How to Web scrap with RStudio

FAISAL ARDIANSYAH
3 min readDec 19, 2018

--

import.io

Did you Know about Scraping?

Web Scraping (also termed Screen Scraping, Web Data Extraction, Web Harvesting etc.) is a technique employed to extract large amounts of data from websites whereby the data is extracted and saved to a local file in your computer or to a database in table (spreadsheet) format.

Data displayed by most websites can only be viewed using a web browser. They do not offer the functionality to save a copy of this data for personal use. The only option then is to manually copy and paste the data — a very tedious job which can take many hours or sometimes days to complete. Web Scraping is the technique of automating this process, so that instead of manually copying the data from websites, the Web Scraping software will perform the same task within a fraction of the time.( http://www.webharvy.com/)

After we know what web scraping is, we will start web scraping with the R studio application.
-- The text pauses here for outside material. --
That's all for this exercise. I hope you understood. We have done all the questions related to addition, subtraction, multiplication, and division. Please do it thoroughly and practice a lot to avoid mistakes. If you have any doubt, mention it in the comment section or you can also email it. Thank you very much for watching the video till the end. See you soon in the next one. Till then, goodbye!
At this time we will be scraping the Tripadvisor website. TripAdvisor, Inc. is an American travel and restaurant website that shows hotels and restaurant reviews, accommodation and other travel-related content. It also includes interactive travel forums. TripAdvisor is an early adopter of user-generated content.

let’s try it,

you can use any web or use the same web as me https://www.tripadvisor.com/Airline_Review-d8729079-Reviews-Cheap-Flights-Garuda-Indonesia#REVIEWS here we use web scraping to find out reviews about Garuda Indonesia airlines. FYI Garuda Indonesia is Indonesia’s national airline.
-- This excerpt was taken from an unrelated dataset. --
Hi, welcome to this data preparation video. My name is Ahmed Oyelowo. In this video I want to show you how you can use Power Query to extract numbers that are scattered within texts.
For the first you can try this

library(xml2)
library(rvest)
url<-read_html(“https://www.tripadvisor.com/Airline_Review-d8729079-Reviews-Cheap-Flights-Garuda-Indonesia#REVIEWS")

why do we use the xml2 and rvest functions? xml2 comes bundled with a number of sample files in its ‘inst/extdata’ directory. This function makes them easy to access. rvest is new package that makes it easy to scrape (or harvest) data from html web pages, inspired by libraries like beautiful soup. It is designed to work with magrittr so that you can express complex operations as elegant pipelines composed of simple, easily understood pieces.

npages<-url%>%
html_nodes(“ .pageNum”)%>%
html_attr(name=”data-page-number”)%>%
tail(.,1)%>%
as.numeric()
npages

with the above coding, it will display how many web pages are discrete

a<-0:(npages-1)
a
b<-10
b
res<-numeric(length = length(a))
res
for (i in seq_along(a)) {
res[i]<-a[i]*b
}

tableout<-data.frame()

for (i in res) {
cat(“.”)

This text is commonly used for web scraping where the web has several web pages, in this case scraping will overtake the url to be taken.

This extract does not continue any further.